Mourning the Bridegroom — How Byzantine Catholics Approach Lent

Lent is a time to make the ordinary extraordinary again.

“Christ the Bridegroom”
“Christ the Bridegroom” (photo: Wikimedia Commons / Public Domain)

“Jesus said to them, ‘The wedding guests cannot fast while the bridegroom is with them, can they? As long as they have the bridegroom with them, they cannot fast. The days will come when the bridegroom is taken away from them, and then they will fast on that day.’” (Mark 2:19-20)

All Christians enter into the Lenten season encouraged to intensify the practices of prayer, fasting and almsgiving. A particular emphasis in the Byzantine tradition is fasting from the Eucharist during the weekdays of the Great Fast (as Lent is called in the East).

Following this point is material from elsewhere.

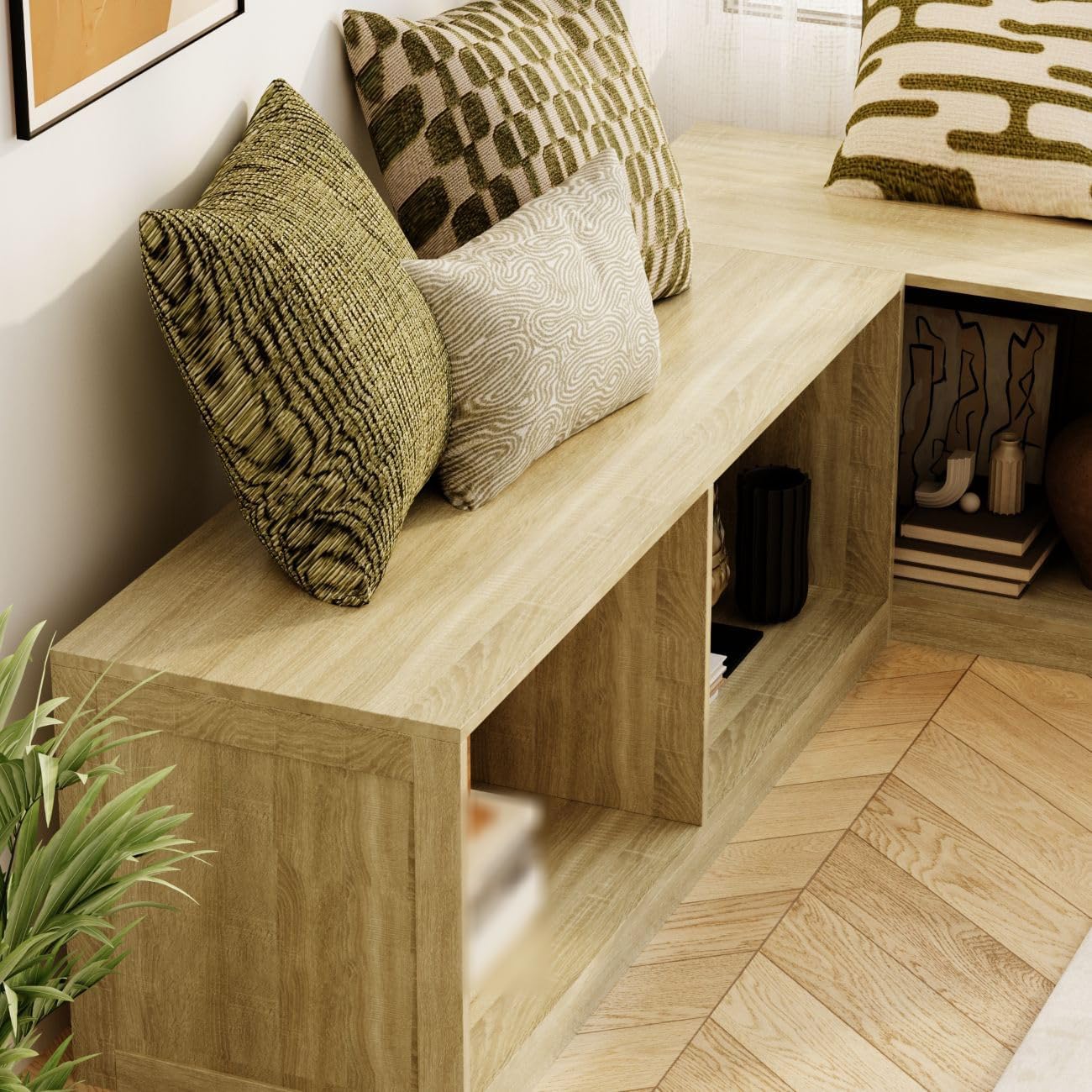 Oak L Shaped Storage Banquette Bench No Cushion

This may seem a very peculiar practice through Western eyes, however, the ancient practice of fasting from the Eucharist provides a focus on the celebratory nature of the Divine Liturgy and allows for a robust and joyful celebration of Pascha (Easter). It can be beneficial for all Catholics to contemplate the various Lenten traditions in the Church, and this expository article on the Byzantine-Eastern Lenten tradition encourages just that.

Each celebration of the Divine Liturgy (Mass) is a celebration of the Resurrection of Christ and an encounter with the Risen Lord Jesus. Worship is the Bridegroom entering the marriage feast. By its very nature, the Divine Liturgy cannot be mournful or penitential. While certainly there are aspects of penance contained within the Church’s various liturgies, these penitential elements give way to the exuberant joy of the Resurrection. Briefly said, “We cannot fast while the Bridegroom is with us.”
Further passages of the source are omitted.